This tells git checkout that the thing on the left of the -- is a commit specifier—i.e., where to look in the repository—and the thing(s) on the right are file paths, and it should throw away any work you have in progress on the paths named on the right, replacing them with the versions extracted from the commit on the left.

In other words, if you've started editing x.x and decided you want to "un-edit it", to make it look like it did in the HEAD commit, you check out the HEAD version of x.x into file x.x. Or, if you want to get the previous (HEAD^ or HEAD~1) version of x.x into the work directory and staged-for-commit, you can git checkout HEAD^ -- x.x.
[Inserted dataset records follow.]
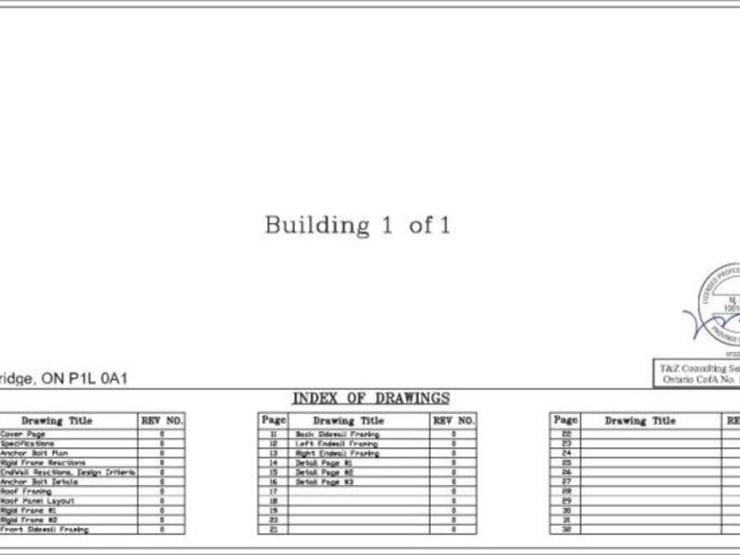 unused-meta-steel-buildings-27-ft-x-70-ft-x-18-ft-image-28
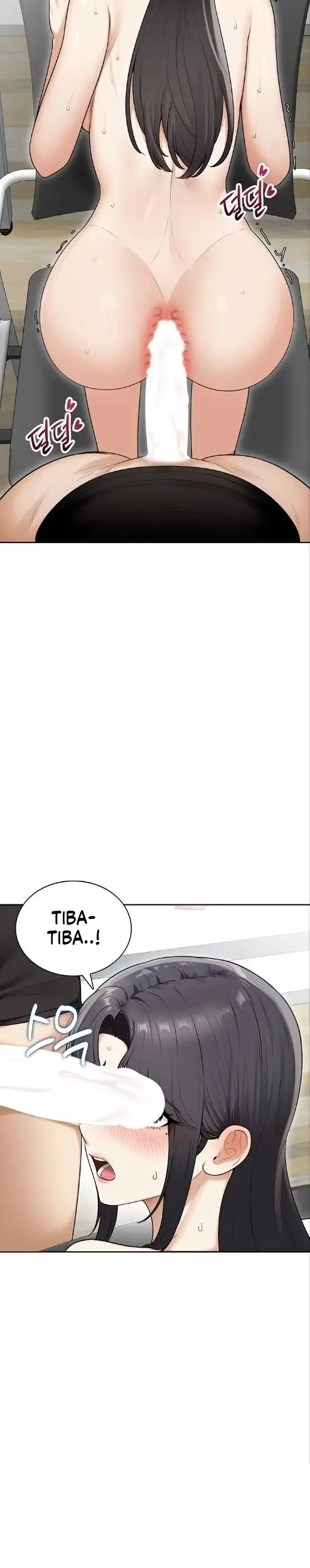 image-komik-si-gadis-nakal-chapter-44-28/31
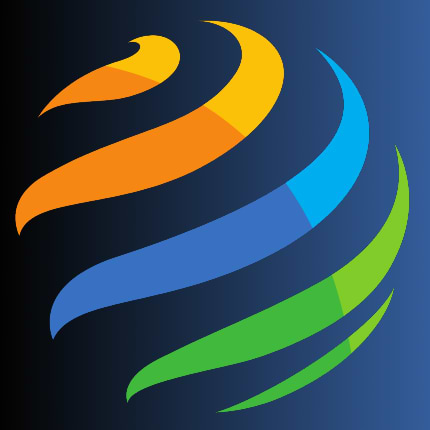 Art and Science avatar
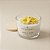Vela Perfumada Vanilla Home 120g - Imagem 3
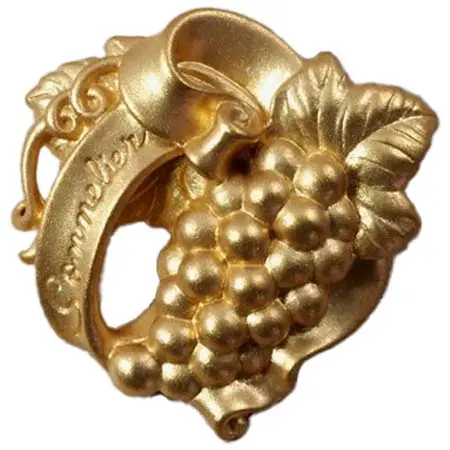 ガルディア(Guardia) Bacchanalia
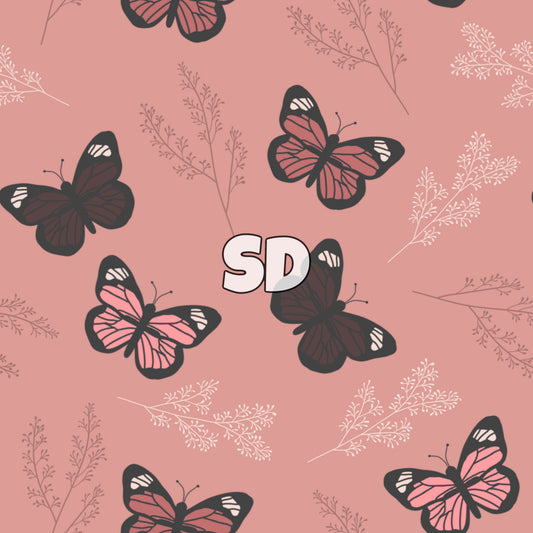 SD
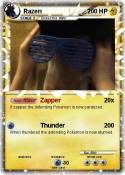 Razen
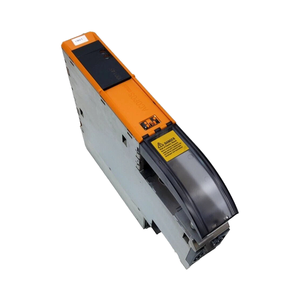 Module d'alimentation PLC 100% neuf d'origine série B R 8BVI 8BVI0014HWS0.000-1 - Product Image 2
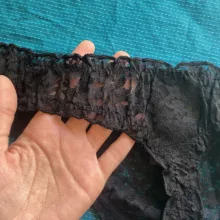 شورت زنانه مدل OE318616 مجموعه 3 عددی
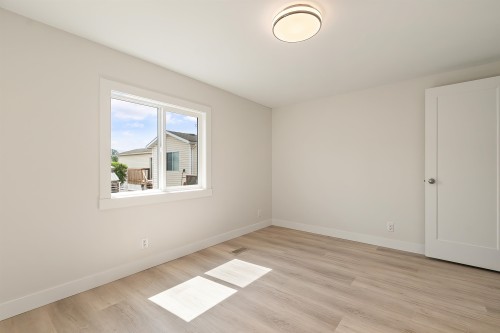 39-9055 Ashwell Road, Chilliwack, BC 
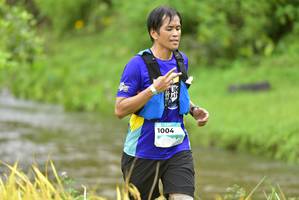 BIB: 1004
                            <button type="button" onclick="openModal(13436735)" class="btn btn-primary btn-sm float-right btn-popup" data-toggle="modal" data-target=".modal-high-quality">
                        <i class="fas fa-shopping-cart"></i> Add to Cart
                    </button>
                                            <button type="button" onclick="isThisMe(13436735, true)" class="btn btn-success btn-sm float-right btn-popup btn-isme hidden" data-toggle="tooltip" data-placement="bottom" title="นี่คือรูปของคุณใช่ไหม คลิกที่นี่เพื่อเอาเข้าอัลบั้ม">
                        <i class="fas fa-plus"></i> Add to album
                    </button>
                    <button type="button" onclick="isThisMe(13436735, false)" class="btn btn-warning btn-sm float-right btn-popup btn-isnotme hidden">
                        <i class="fas fa-ban"></i> Remove from album
                    </button>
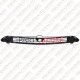 VERIN DE HAYON (ENTRAXE 580) UNO 08/83 - 10/89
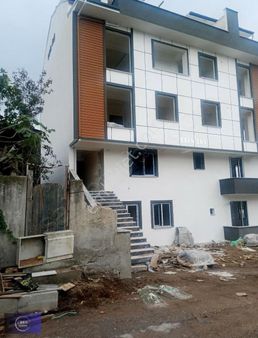 Enka Gayrimenkulden Satılık 2+1 Daire
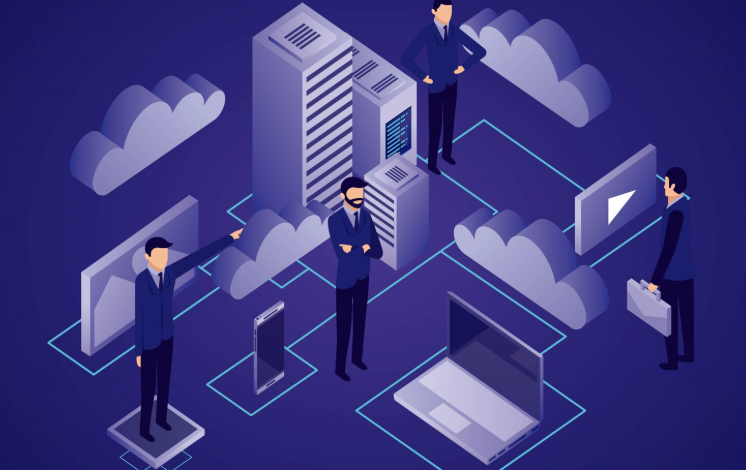 NetSuite Training & Support | Dynamics ERP Development NetSuite Training & Support | Dynamics ERP Development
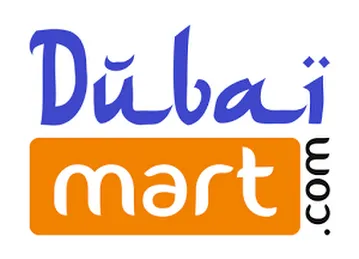 DubaiMART.com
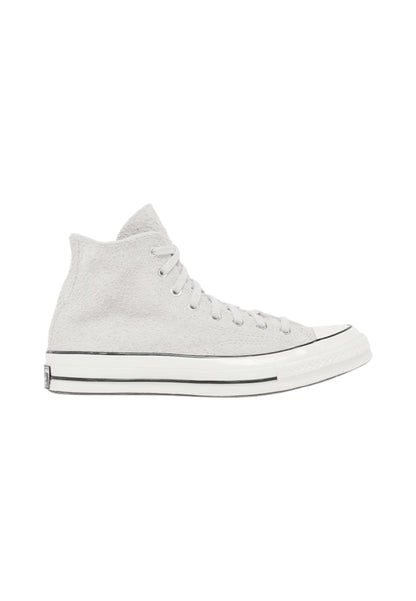 Sneakers  Unisex Converse  Chuck 70 Hi Barely A15168C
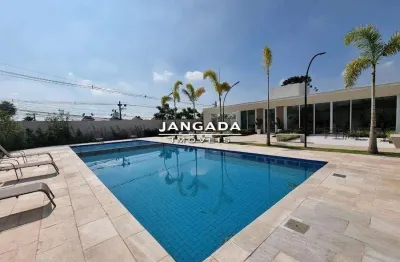 More no condominio mais desejado da granja vianna – casa nova com 3 dormitorios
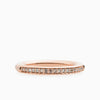 Stax ring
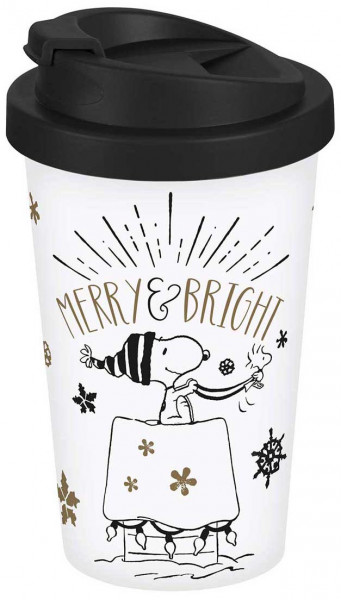 15106_coffee_to_go_becher_peanuts_merry-and-bright_weiß_400ml-web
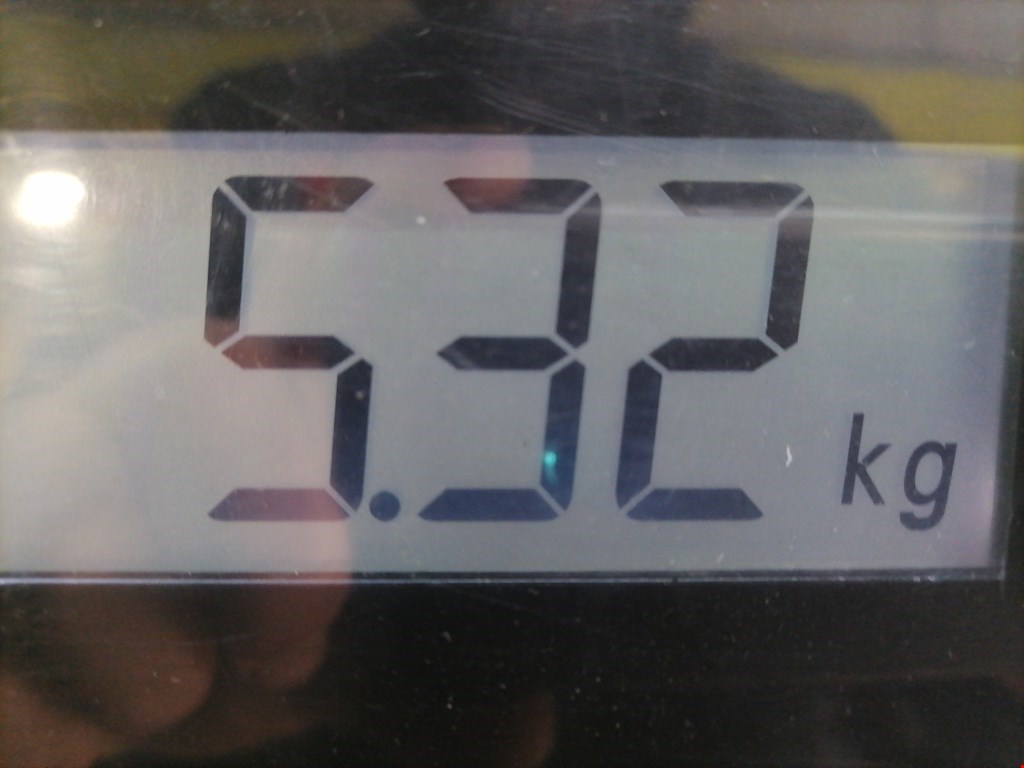 Усилитель переднего бампера (передний) VOLKSWAGEN Lupo 1999-2005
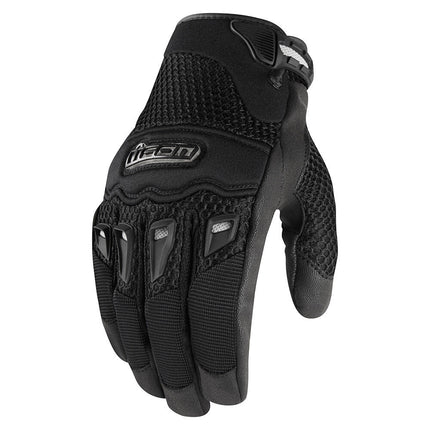 Men's Twenty Niner Glove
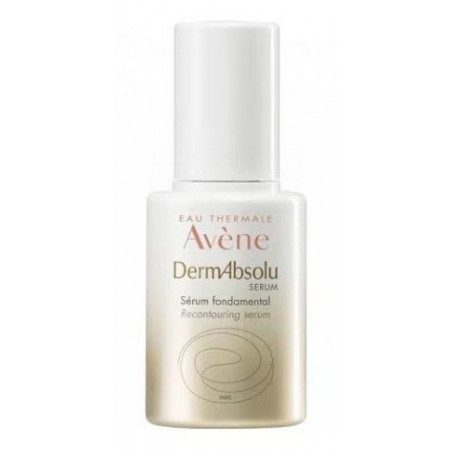 Avène Dermabsolu Serum Esencial 30ml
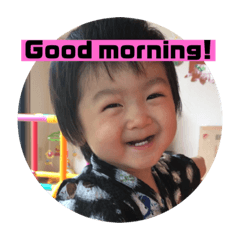[LINEスタンプ] けいと⑦ fetchpriority=high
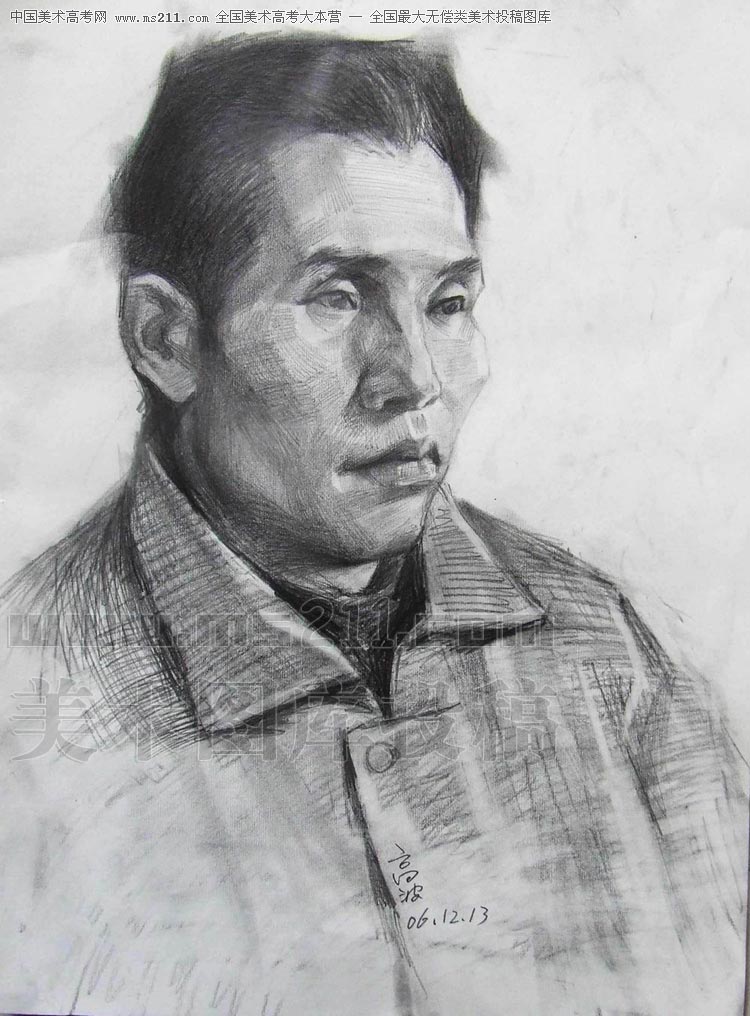 2008040716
This form is obviously a bit more dangerous than git checkout commit (which tries to avoid clobbering your work). Unfortunately, git checkout does not require the -- part. Furthermore, the commit specifier defaults to HEAD if you leave it out. So:

git checkout -- x.x

also means "please clobber the changes I made to file x.x, and so does:

git checkout x.x

since x.x is not the name of a commit or branch. Likewise:

git checkout .

names a path, but this time the path is "current directory", so this clobbers all work on all files that are in the current directory, or anywhere underneath it, recursively!

(It might be nice if git used a different command for "check out specific files" vs "check out given commit-ID", making it harder to accidentally clobber work.)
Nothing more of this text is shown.